> Only if you believe in propaganda instead of looking at the facts. Can you tell me what offensive actions against Taiwan China has actually made?
You're clearly ignoring facts. They have increasingly frequently breached Taiwan's airspace with attack aircraft, which is a crystal clear threat that nobody can confuse (which is the point). And when they're not airspace breaches, they're as close as they can get to it in order to torment/bully Taiwan.
January 22: "Taiwan reports new large-scale incursion by Chinese warplanes. The 39 planes warned away from the island’s air defense zone were the most on a single day since October."
China has also directly threatened to force Taiwan into reunification as needed. The threat of force is an offensive action. If I threaten to invade my neighbor's house to take their property, that's an offensive action, it's not mere speech. If I threaten to kill my neighbor (which is what a forced reunification entails to one degree or another), that is an offensive action, it is not mere speech.
"China’s Xi threatens Taiwan with force but also seeks peaceful 'reunification'"
I consider the threat of violence to be violence, so I'm with you, China commits aggressive offenses against Taiwan by threatening anexation. But, a significant nit I have to pick is that China doesn't violate Taiwanese airspace. Doing that could be an act of war and may get a plane shot down. They enter Taiwan's ADIZ, which span Taiwanese airspace, over international waters and even covers about 2/3 of China's Fujian province. ADIZ isn't airspace. It's just the zone that Taiwan monitors.

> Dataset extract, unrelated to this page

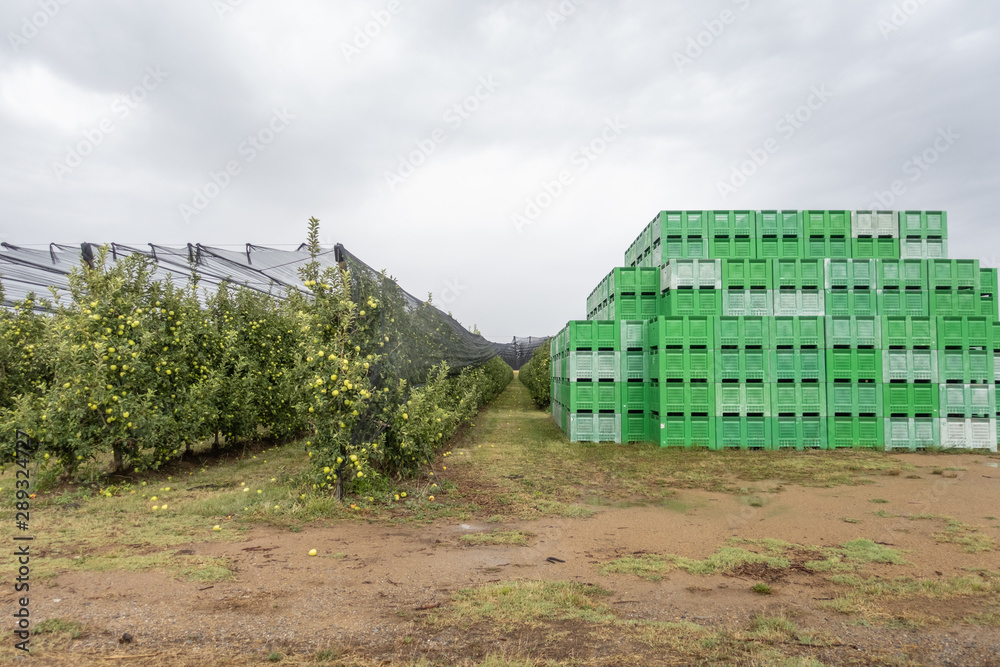view of a large farm holding apples and boxes for collection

“Chinese people don’t attack other Chinese people. We are willing to use the greatest sincerity and expend the greatest hard work to strive for the prospect of peaceful reunification”
The West must really have a stranglehold on the message, because I've searched and searched for that complete quote, and the only result that comes up is this very comment that you've made.[1]
> "Chinese people don’t attack other Chinese people. We are willing to use the greatest sincerity and expend the greatest hard work to strive for the prospect of peaceful reunification."
According to their words, China strives for peaceful unification, but there's little chance that can be achieved. Taiwanese people overwhelmingly reject unification, only 7.4% of the population prefer unification now or anytime in the future. The predominant preferences are 'status quo' and 'status quo but move toward independence'.[2] A vanishingly tiny minority (2.8%) identify themselves as Chinese, and they really are: Boomer Chinese refugees that fled to Taiwan after they lost the civil war. In decades past they were more influential as they essentially were a single-party occupational government thrust onto a people that didn't speak Chinese and hadn't been under "Chinese" (neither ROC nor PRC) governance since the Qing Dynasty. But as they die off, the vast, and growing, majority (62.3%) identify as Taiwanese, not Chinese, not both, just Taiwanese.[3]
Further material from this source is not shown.